Московский критик В. Ерофеев указывал на подлинность бессмысленной любви Цинцинната к его жене Марфиньке, олицетворяющей собой как пошлость этого «общего мира», так и его примитивную похоть («А Марфинька нынче опять это делала»… «Я же, ты знаешь, добренькая: это такая маленькая вещь, а мужчине такое облегчение»). До тюрьмы, «там», где были «упоительные блуждания по райским Тамариным Садам» (уж не Выра ли это, где бродила Набоковская незабытая и незабвенная Тамара?), влюбленный Цинциннат женится на Марфиньке и сразу попадает в ад супружеской ревности. В. Ерофеев говорит что «этот разрыв между чувством и смыслом подан в „Приглашении на казнь“ как знак неизбывной муки земного существования, как порождение человеческой слабости и беспомощности».

Цинциннат страдает от одиночества, он ищет близкую душу, — и не находит, он окружен пошляками и предателями, и даже ребенок, средоточие всего самого прекрасного, духовно и физически, и тот заманивает его в ловушку. «Вы — не я, вот в чем непоправимое несчастье». Приводя эти слова Цинцинната, В. Ерофеев пишет, что «в „Приглашении на казнь“ проступает подлинное, не обузданное стилем страдание, настоящая боль».

«Общий мир», так называемая «реальность» вовсе не является подлинной. Набоков неоднократно подчеркивает ее мнимый, бредовый, бутафорский характер («Луну уже убрали, и густые башни крепости сливались с тучами…»). В этом мнимом мире надо отстоять свое «я»: «я дохожу… до последней неделимой точки, и эта точка говорит: я есмь! — как перстень с перлом в кровавом жиру акулы, — о мое верное, мое вечное…» Эти поиски себя все больше и больше занимают осужденного на смерть узника.

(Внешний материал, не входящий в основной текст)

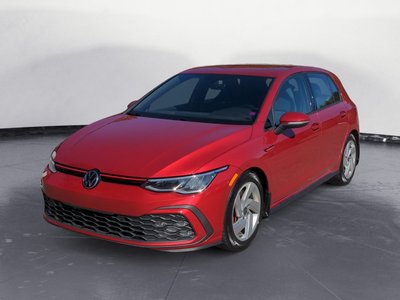 Volkswagen Golf GTI BASE 2022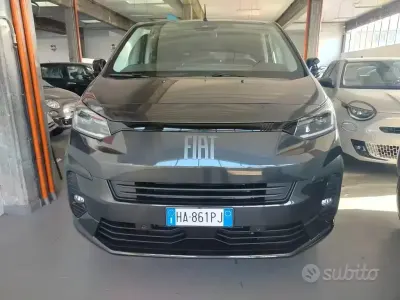Usata Fiat Ulysse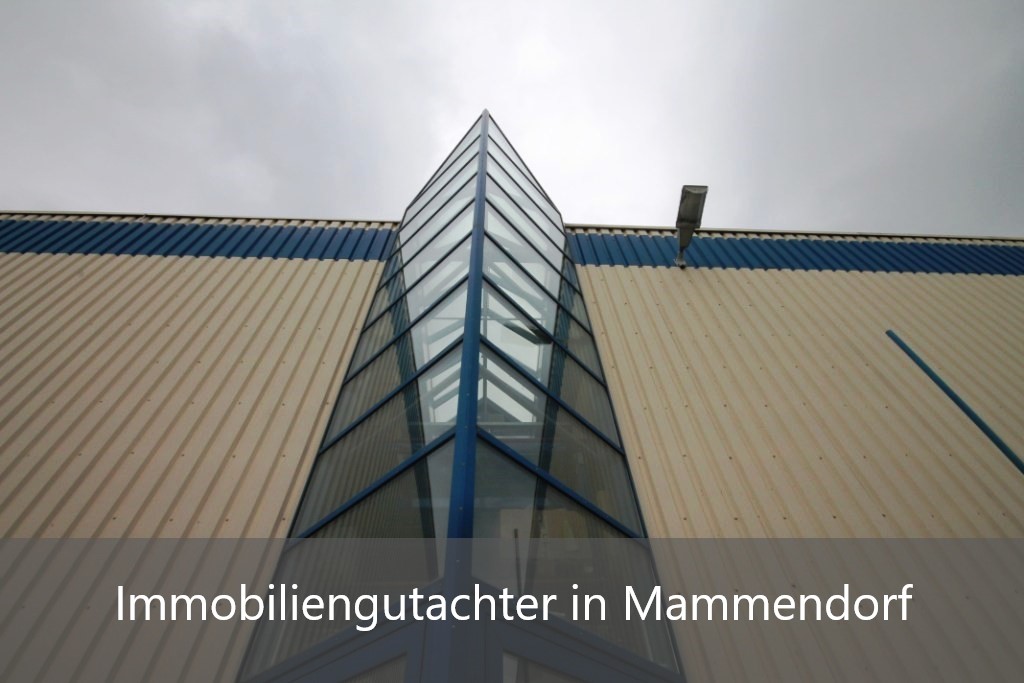 Immobilienbewertung Mammendorf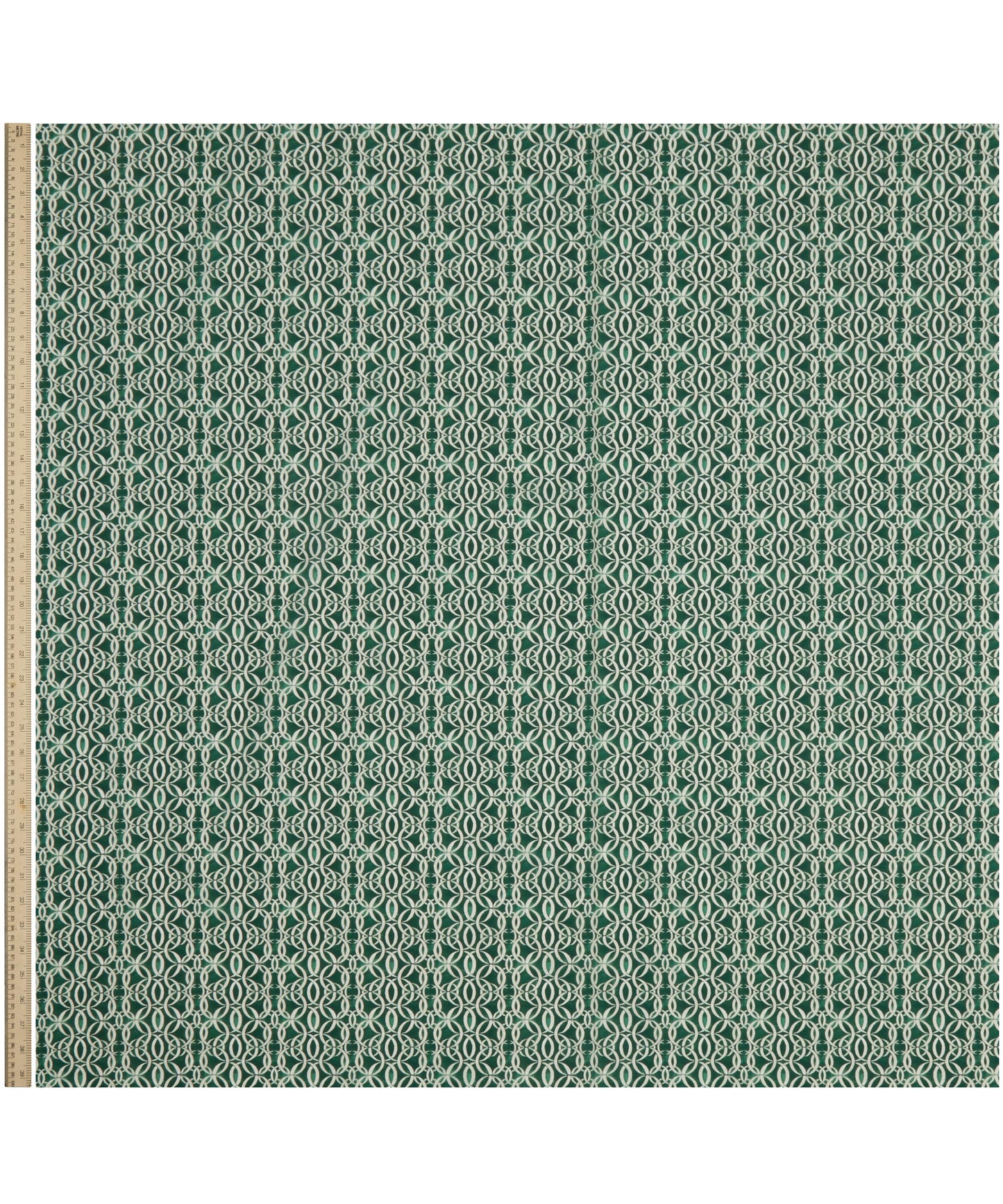 Endless Tana Lawn™ Cotton Fabric - Green - Liberty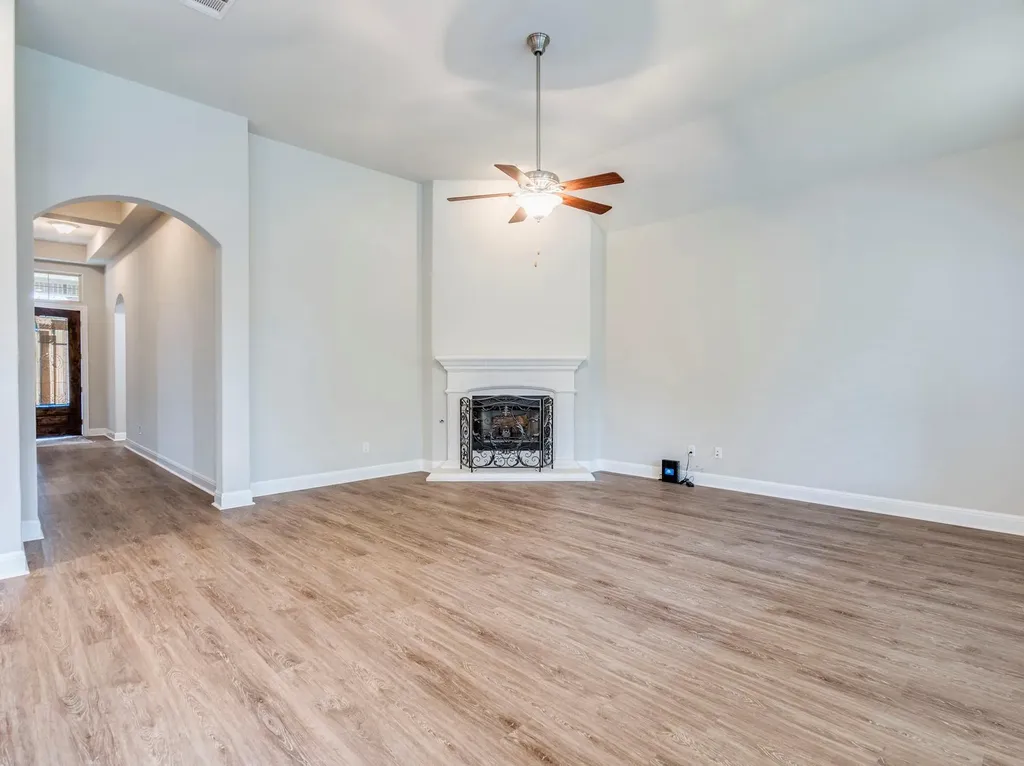 836 Richardson Lane Leander TX 78641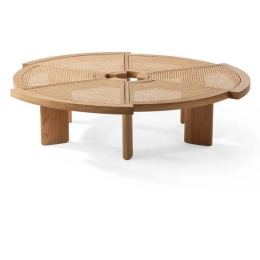 Niedriger Tisch Cassina Rio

По мере развития действия в романе (Цинциннату представляют сокамерника м-сье Пьера, который в конце концов оказывается его будущим палачом, директор тюрьмы роет для него подземный тоннель, приводящий снова в камеру и т. д.) «реальность» начинает восприниматься как «бред», а «бред как действительность». Это заметил еще один из первых русских критиков романа — Петр Бицилли. Петр Бицилли говорит в связи с этим романом о возрождении искусства аллегории, иносказания, устанавливая связи Набокова с Салтыковым-Щедриным и Гоголем, особенно в последовательной и мастерской разработке старой темы — «жизнь есть сон»:

«„Жизнь есть сон“. Сон же, как известно, издавна считается родным братом Смерти. Сирин и идет в этом направлении до конца. Раз так, то жизнь и есть — смерть. Вот почему, после казни Цинцинната, не его, а „маленького палача“ уносит, „как личинку“, на своих руках одна из трех Парок, стоявших у эшафота; Цинциннат же уходит туда, где, „судя по голосам, стояли существа, подобные ему“, т. е. „непроницаемые“, лейбницевские монады, „лишенные окон“, чистые души, обитатели платоновского мира идей… бывают у каждого человека, — продолжает П. Бицилли, — моменты, когда его охватывает то самое чувство нереальности, бессмысленности жизни, которое у Сирина служит доминантой его творчества — удивление, смешанное с ужасом перед тем, что обычно воспринимается как нечто само собой разумеющееся, и смутное видение чего- то, лежащего за всем этим, сущего. В этом — сиринская Правда».